Back to distributed sample overview
This layer is a small HTTP API in front of a Redis-like cache. RTMSManager code can call it during a live stream without knowing whether the backing cache is Redis, Valkey, a managed Redis service, or in-memory mode for tests.

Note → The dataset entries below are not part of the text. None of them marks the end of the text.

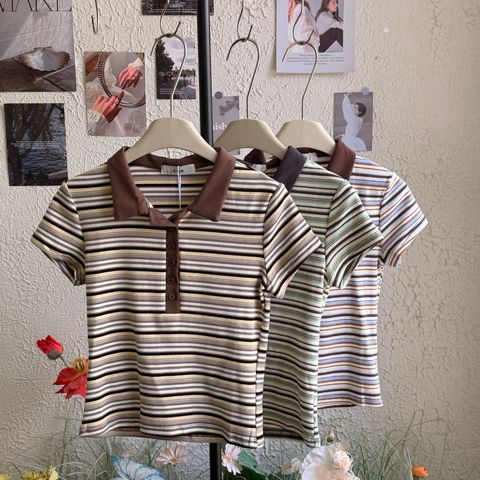 IMG_4206 Large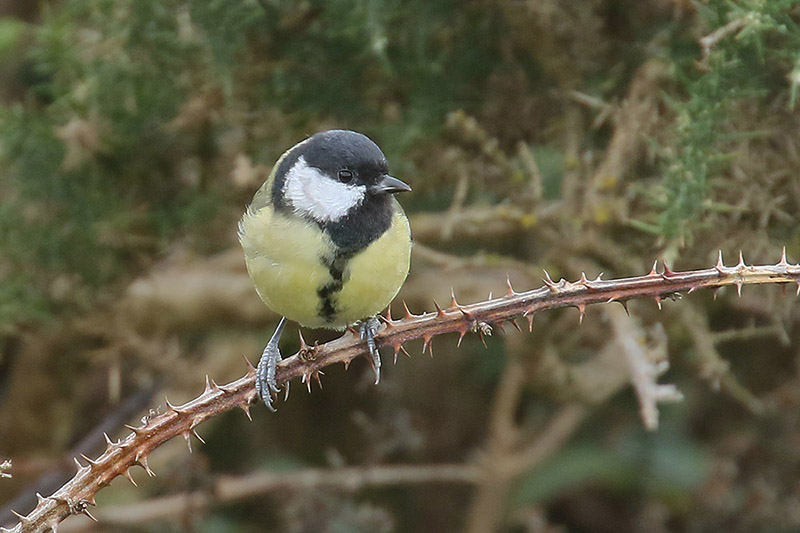 Great Tit by Mick Dryden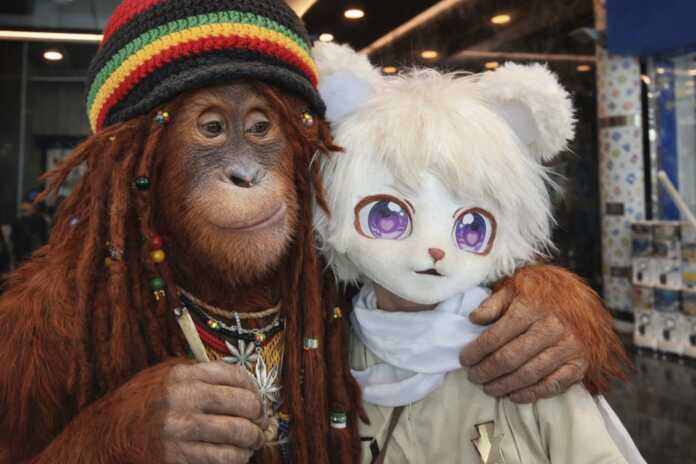 WhatsApp Image 2026-02-13 at 17.55.21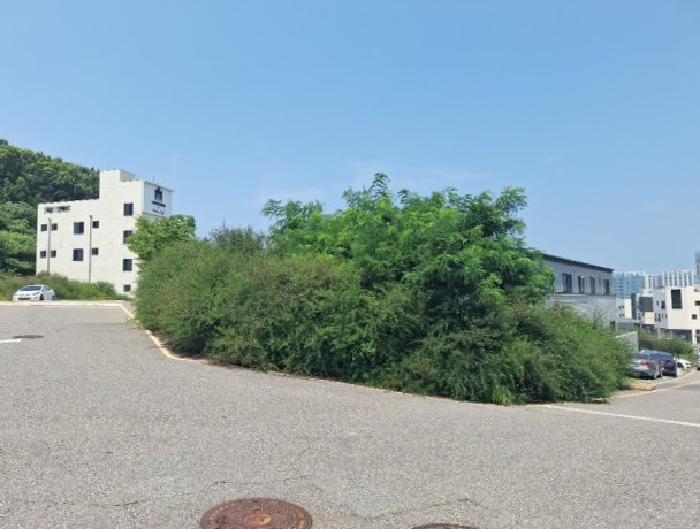 인천 중구 운서동 대지 경매 물건 사진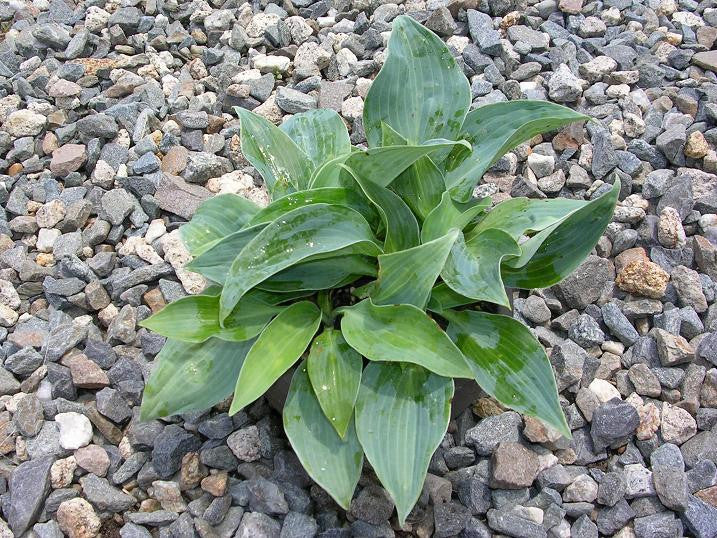 'Blue Clown' Hosta From NH Hostas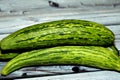 The Armenian cucumber, Cucumis melo var. flexuosus, a type of long, slender fruit which tastes like cucumber and looks somewhat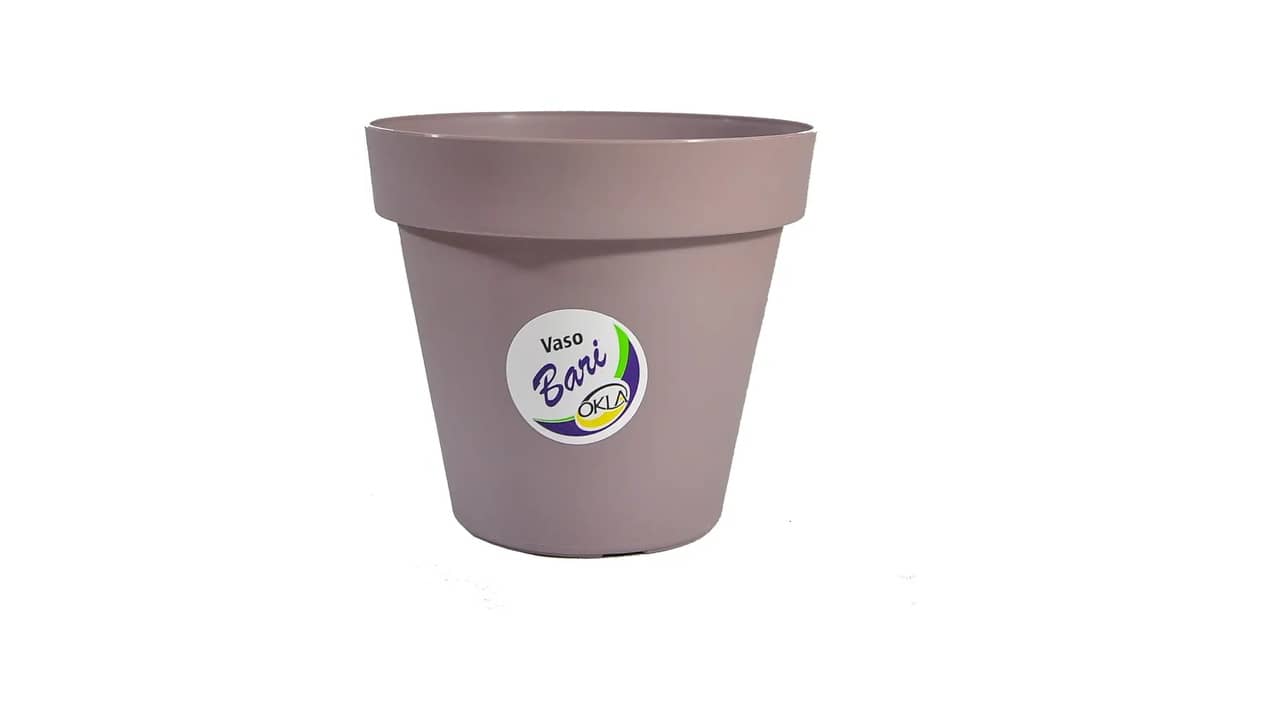 Melhor Tipo de Vaso para Zamioculca: Guia Essencial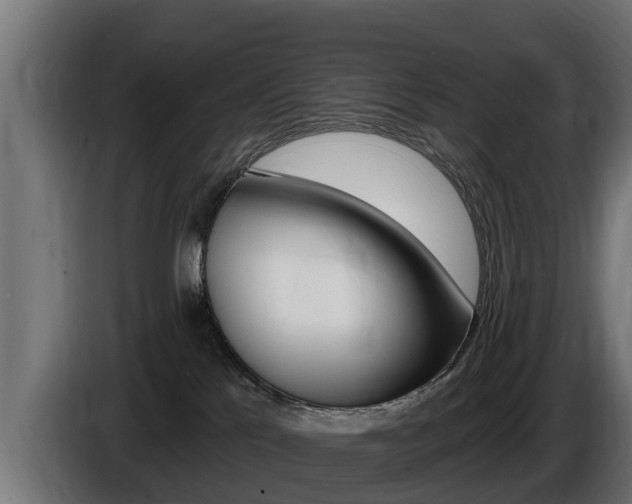 X0000086730041200704130755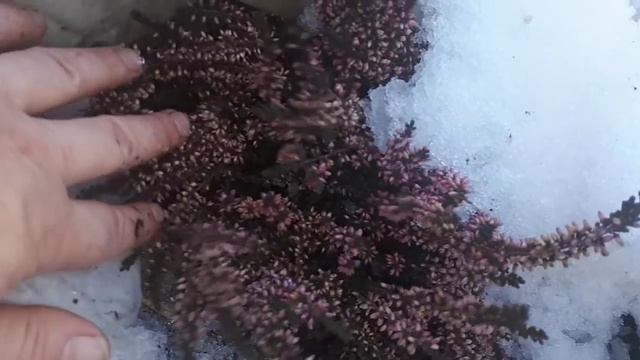 Дача, что делать 9 марта?! Подарок от мужа и вереска! смотреть онлайн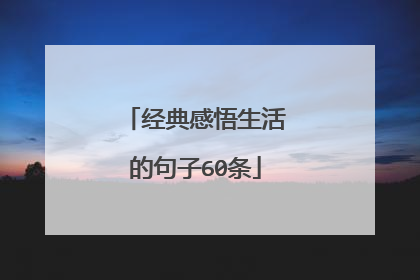 经典感悟生活的句子60条
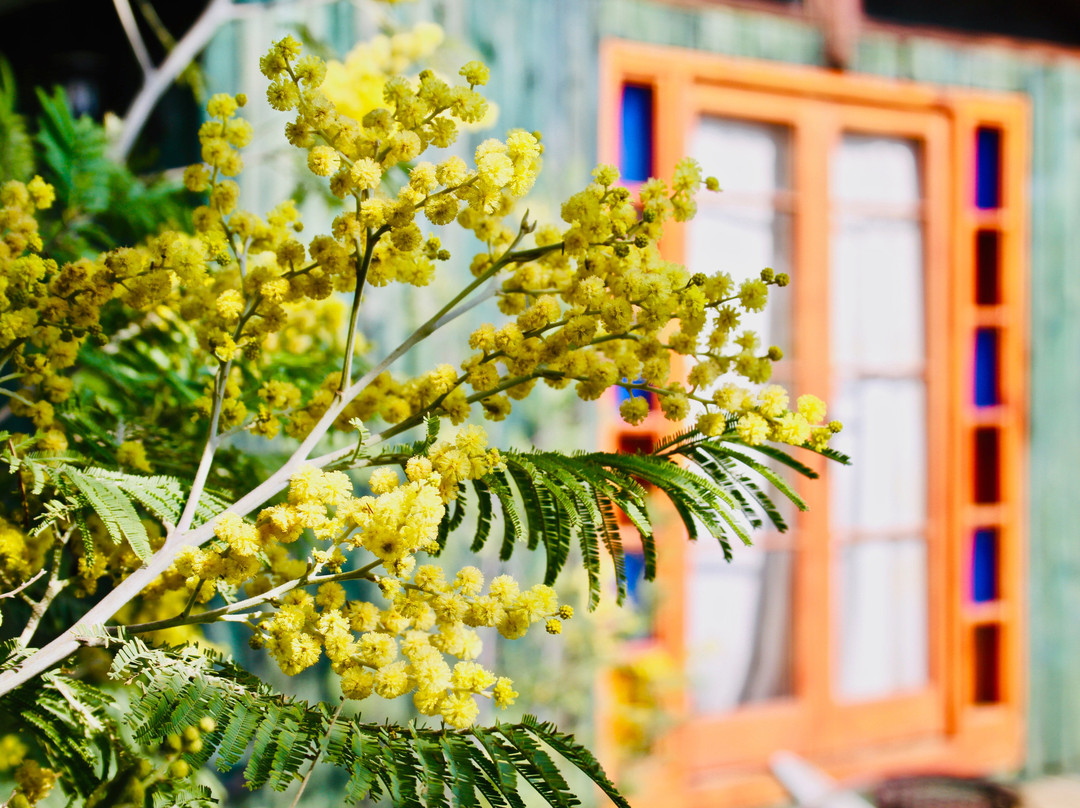 La Magia de Isla Negra Alojamiento Cabanas主图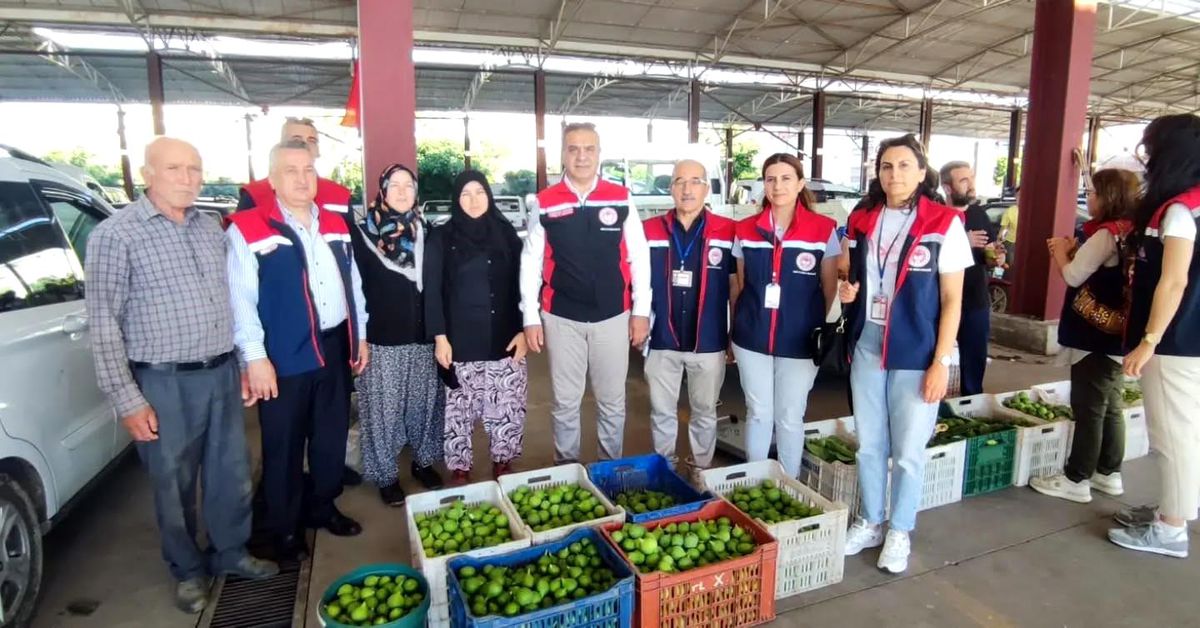Aydın inciri için denetimler sürüyor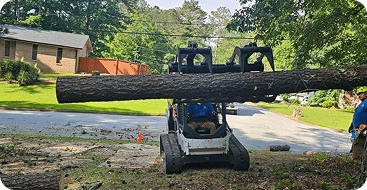 Land Clearing by B & L Tree Expert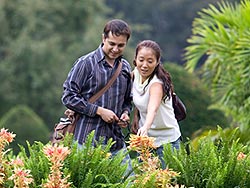 Couple visiting botanical gardens on their honeymoon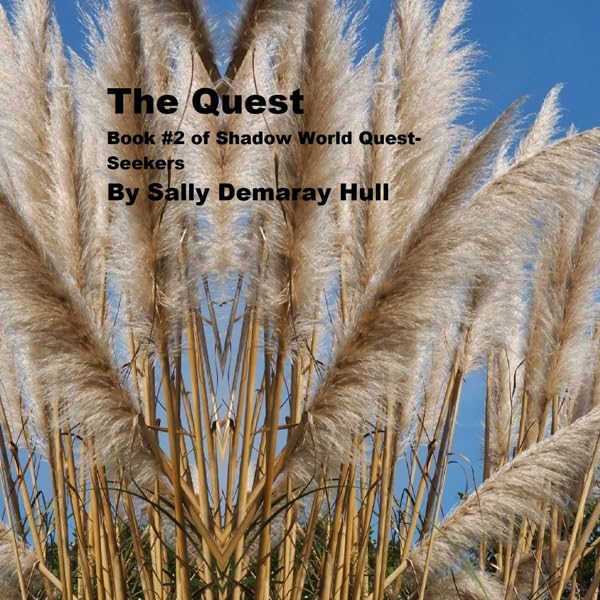 Cover art for The Quest: Shadow World Quest Seekers, Book 2
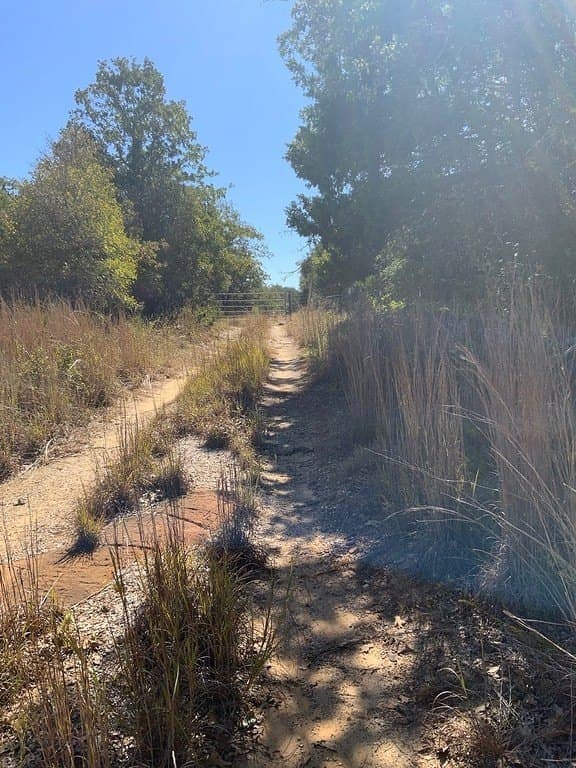25 acres in Lee County - photo 13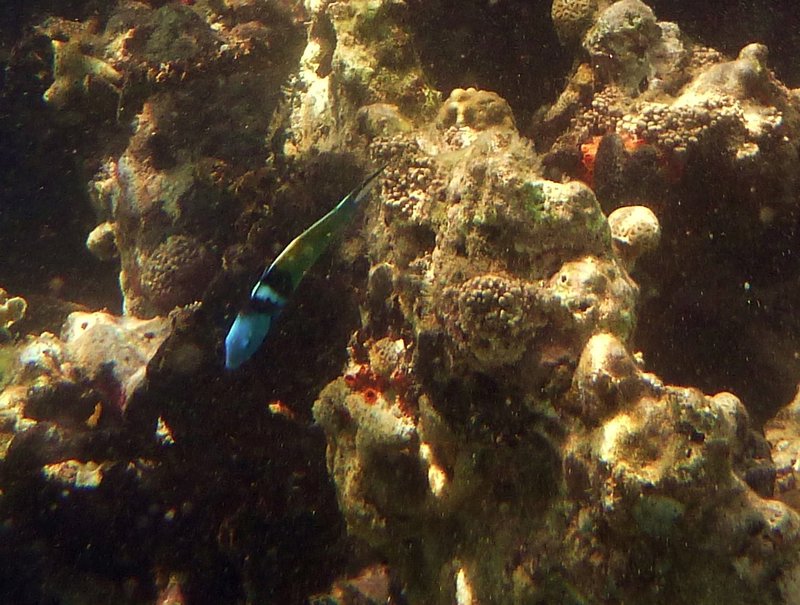 Korallen, Múcura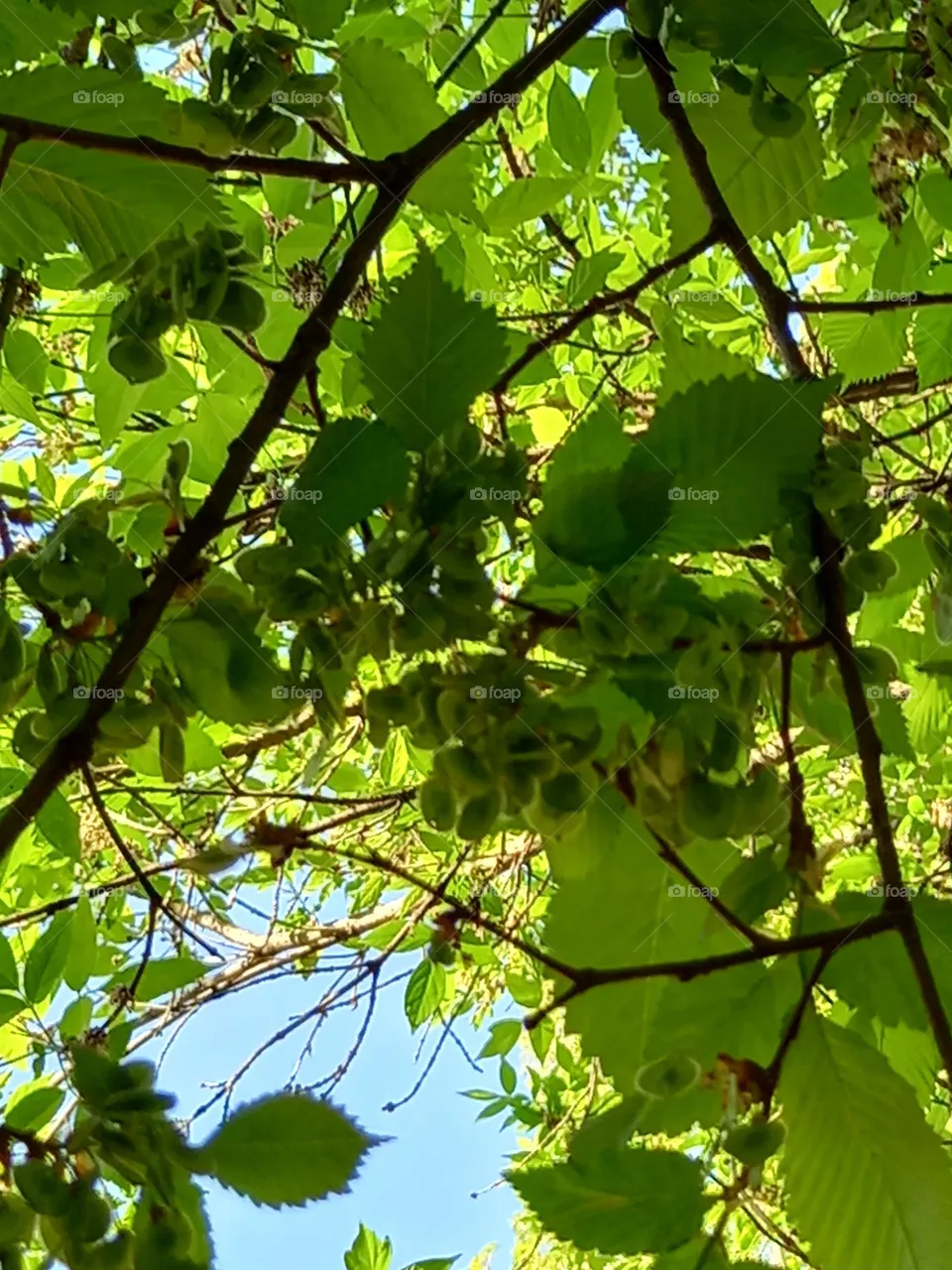 Letter A – Tree's Green Alphabet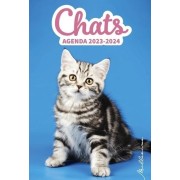  Agenda Chats 2023-2024 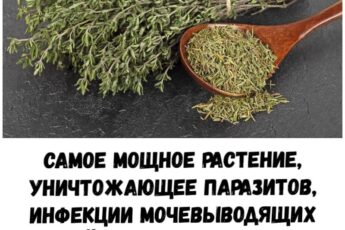 Самое мощное растение, уничтожающее паразитов, инфекции мочевыводящих путей и мочевого пузыря, вирусы герпеса и гриппа..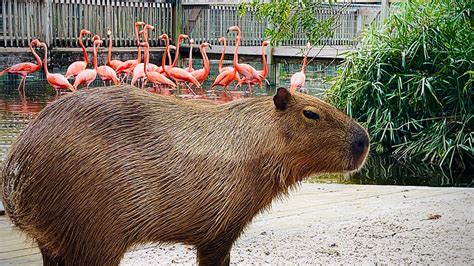 Capybara Attack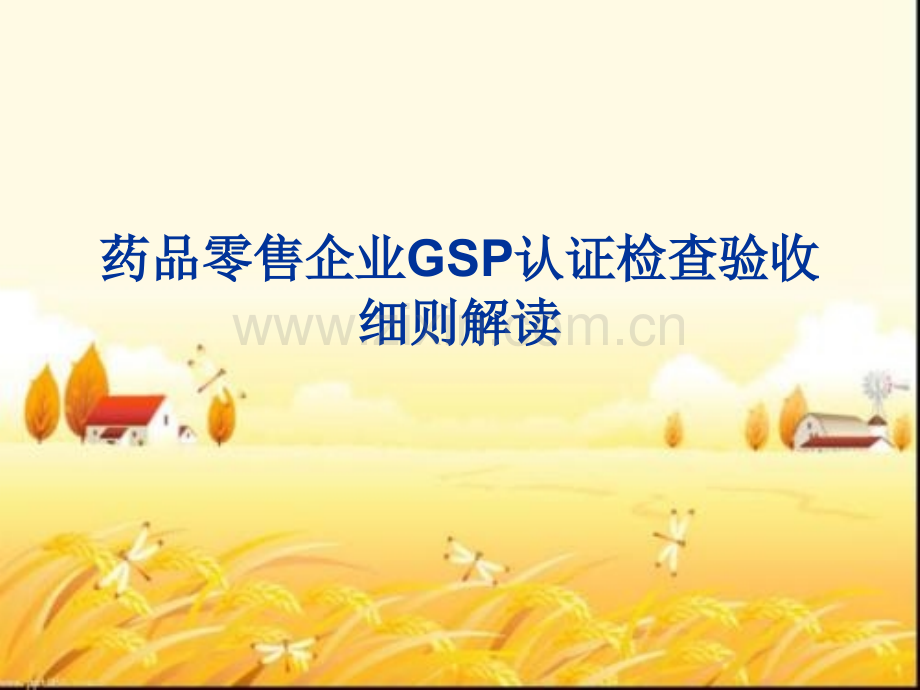 药品零售企业GSP认证检查-PPT.ppt_第1页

It is for active-meeting views only:
- live summary snapshots
- transcript tails
- participant snapshots
- active stream state by region
- node health snapshots
- latency, reconnect, media-byte, and media-gap counters
- lowest, highest, and average latency for selected measurements
- dashboard data for current calls
It is not the source of truth after the meeting. Durable state belongs in the control store, and media bytes belong in artifact storage.
Memory mode:
REALTIME_CACHE_BACKEND=memory npm run start:realtime-cacheRedis mode using the local Docker Redis service:
docker compose up -d realtime-cache
REALTIME_CACHE_BACKEND=redis \
REALTIME_CACHE_REDIS_URL=redis://127.0.0.1:6379 \
REALTIME_CACHE_REDIS_PASSWORD="$REDIS_PASSWORD" \
npm run start:realtime-cacheDefault service URLs:
API: http://127.0.0.1:4560
Dashboard: http://127.0.0.1:4560/dashboard
Metrics: http://127.0.0.1:4560/metrics
curl -X POST http://127.0.0.1:4560/streams/stream-123/state \
-H 'content-type: application/json' \
-d '{"state":"connected","regionCode":"amer-east","nodeId":"iad-node-1"}'
curl -X POST http://127.0.0.1:4560/streams/stream-123/metrics \
-H 'content-type: application/json' \
-d '{"metrics":{"audio_bytes_total":4096,"video_bytes_total":8192}}'
curl -X POST http://127.0.0.1:4560/streams/stream-123/latency \
-H 'content-type: application/json' \
-d '{"name":"webhook_ingress_latency_ms","valueMs":120,"source":"centralized-webhook-hub","regionCode":"amer-east"}'
curl -X POST http://127.0.0.1:4560/streams/stream-123/summary \
-H 'content-type: application/json' \
-d '{"text":"Customer is asking about a billing issue","userName":"Alice"}'
curl http://127.0.0.1:4560/streams/stream-123The hub uses REALTIME_CACHE_URL to send accepted webhook ingress latency and rolling webhook counters, including rtms.concurrency_limited observations. The compute job uses REALTIME_CACHE_URL to send state, events, signaling ping RTT, and aggregated media metrics. It buffers media counters and flushes them every few seconds so it does not make an HTTP call for every media packet.
Current latency keys:
| Metric | Meaning |
|---|---|
webhook_ingress_latency_ms |
Zoom signed webhook timestamp to hub receive time |
signaling_ping_rtt_ms |
Regional RTMSManager worker to Zoom signaling WebSocket ping RTT |
Suggested keys stay readable:
rtms:stream:{streamId}
rtms:index:streams
rtms:index:regions
rtms:region:{regionCode}:streams
rtms:node:{nodeId}:health
Use TTLs aggressively so stale live state disappears after node failures:
REALTIME_CACHE_TTL_SECONDS=300
REALTIME_CACHE_STREAM_FRESHNESS_SECONDS=180
REALTIME_CACHE_MAX_EVENTS=100
GET /streams returns fresh/live streams only. Use GET /streams?include=all when debugging the raw cache contents.
Prometheus can scrape /metrics; Grafana can read Prometheus for active stream counts, metric sums, and latency min/max/average gauges.